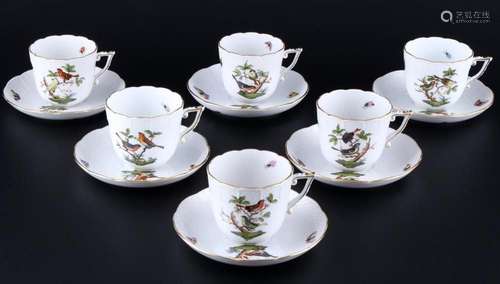 Herend RO Rothschild 6 coffee cups with saucers, Kaffeetasse...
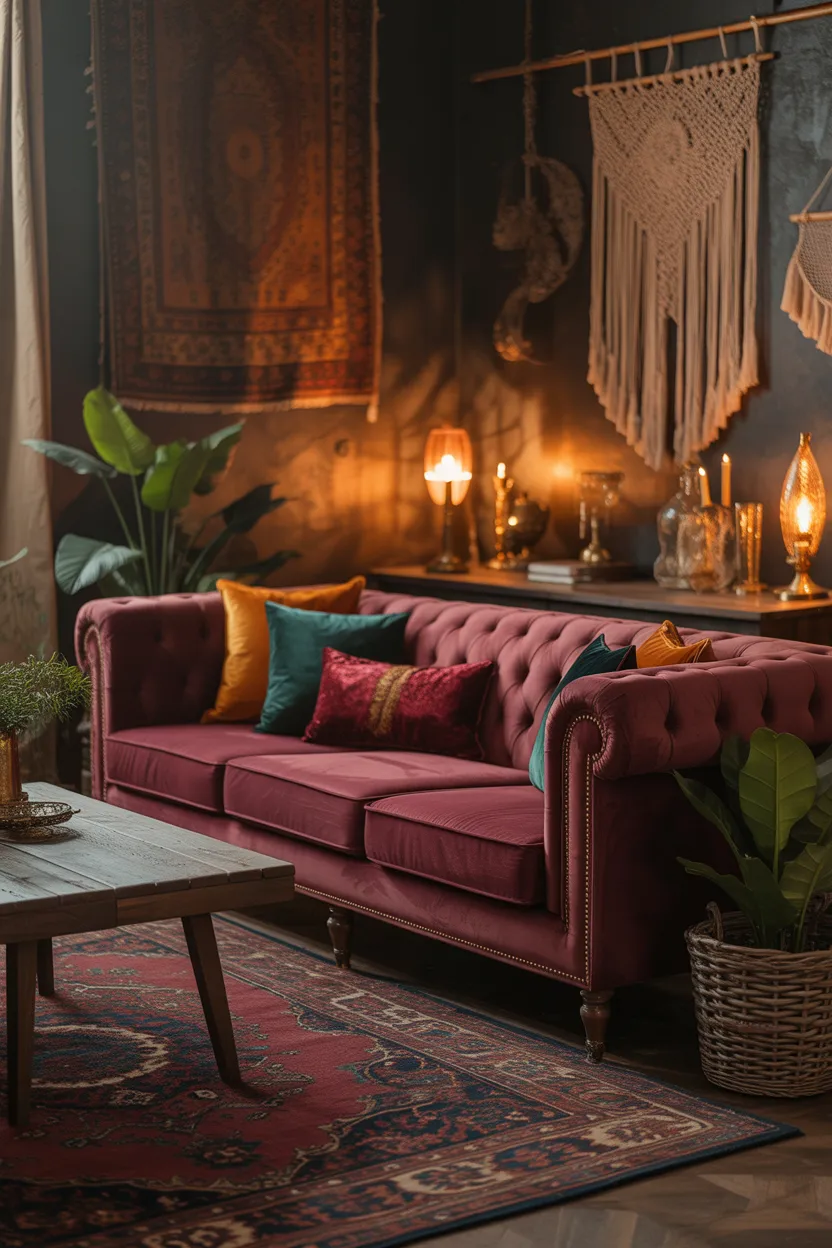 Dark Boho Living Room Ideas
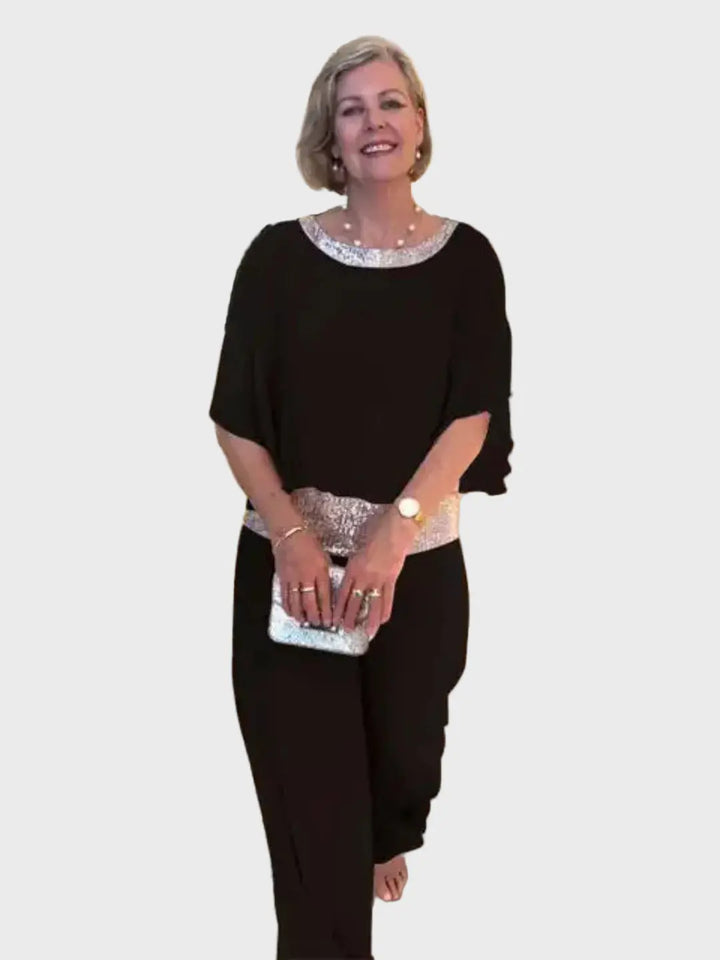 Blush Elegance Sequined Chiffon Pantsuit Jasmine's Boutique Australia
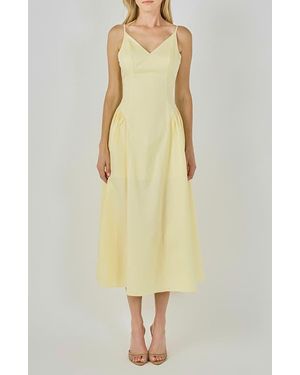 Endless Rose V-Neck Side Puff Midi Dress - Yellow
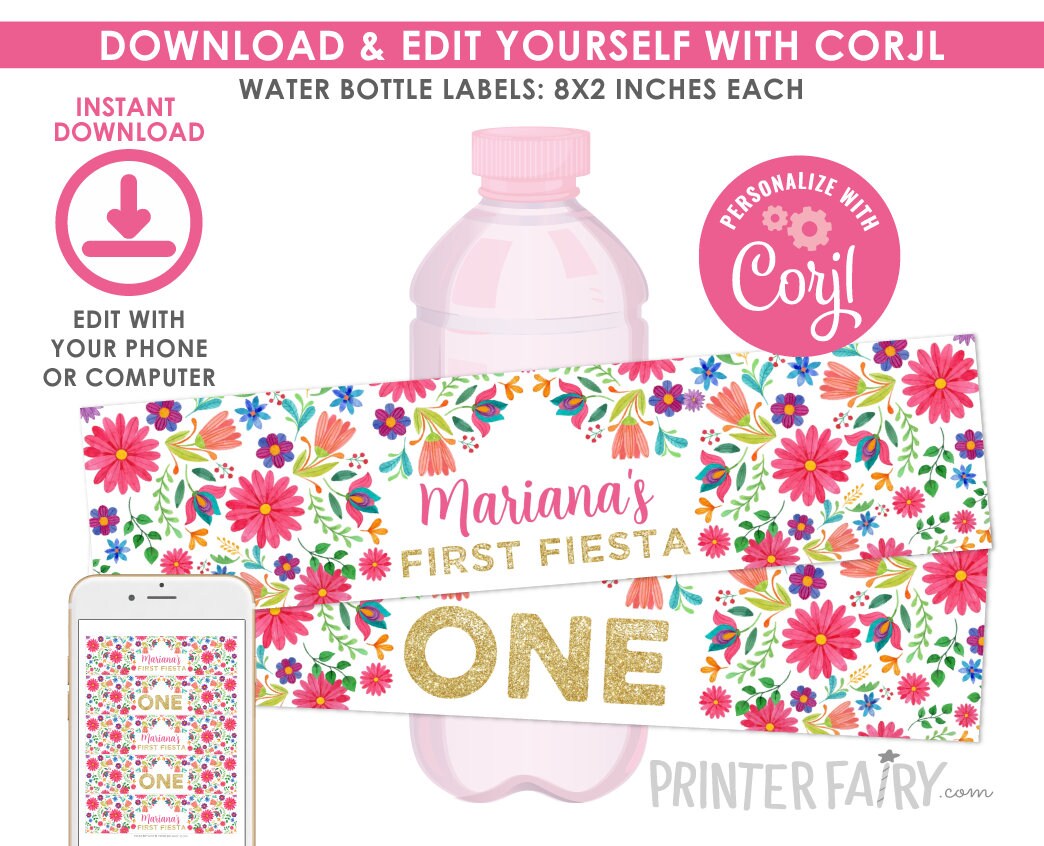 Fiesta Water Bottle Labels, Editable Templates, Cinco de Mayo (Instant Download)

========================

In the records above, find the line that contains "Endless Rose V-Neck" and retype it and all lines after it exactly, leaving out any pictures.

 Endless Rose V-Neck Side Puff Midi Dress - Yellow
 Fiesta Water Bottle Labels, Editable Templates, Cinco de Mayo (Instant Download)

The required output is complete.